* Provided material

________________________________________

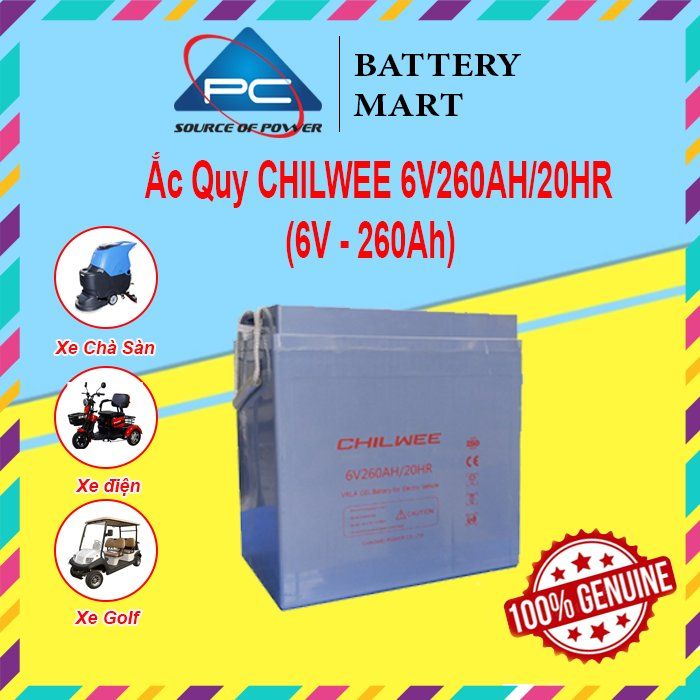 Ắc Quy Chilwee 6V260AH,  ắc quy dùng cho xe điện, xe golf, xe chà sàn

________________________________________

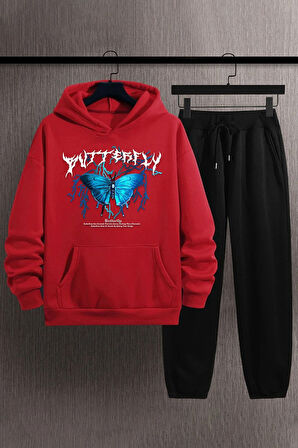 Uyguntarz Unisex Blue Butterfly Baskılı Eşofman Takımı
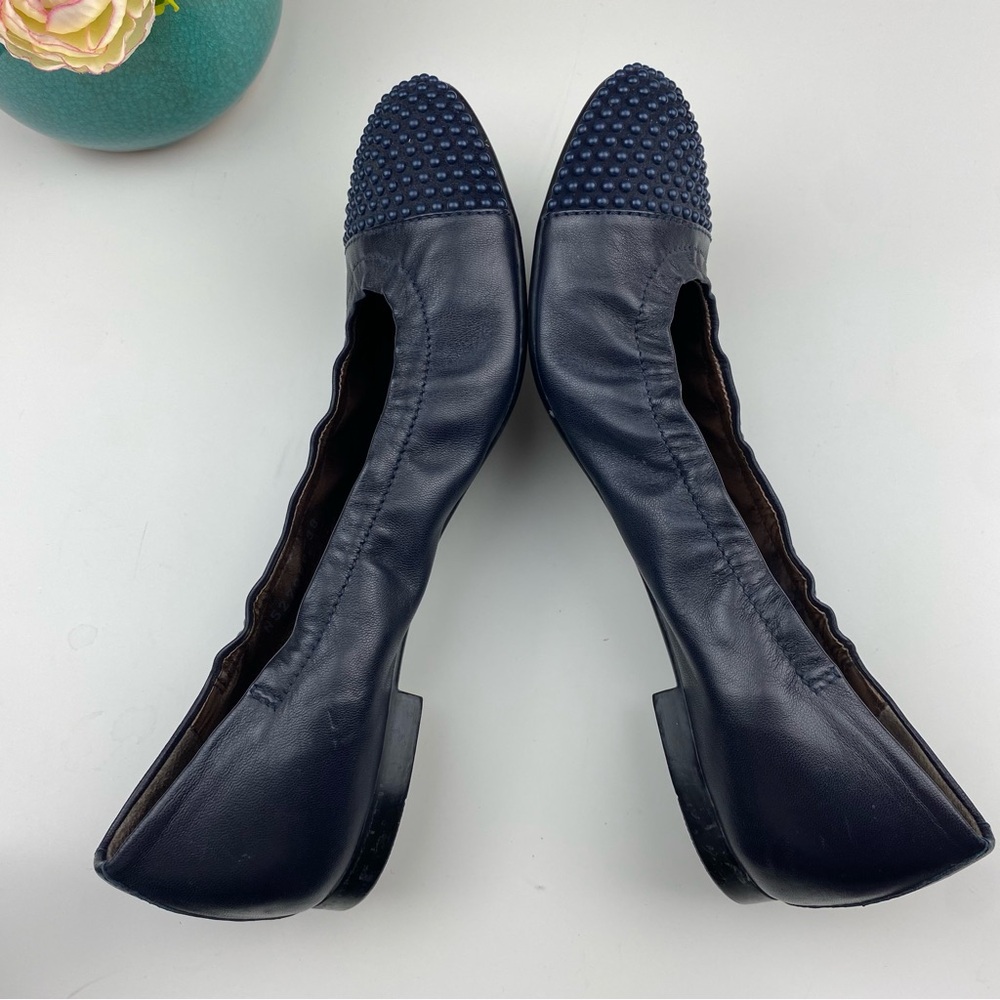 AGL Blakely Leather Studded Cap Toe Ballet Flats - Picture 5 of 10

________________________________________

* Assignment
Within the listing above, find the line containing "Uyguntarz Unisex Blue" and the line containing "AGL Blakely Leather". Transcribe them and everything between them exactly, leaving out the pictures.

* Written solution
 Uyguntarz Unisex Blue Butterfly Baskılı Eşofman Takımı
 AGL Blakely Leather Studded Cap Toe Ballet Flats - Picture 5 of 10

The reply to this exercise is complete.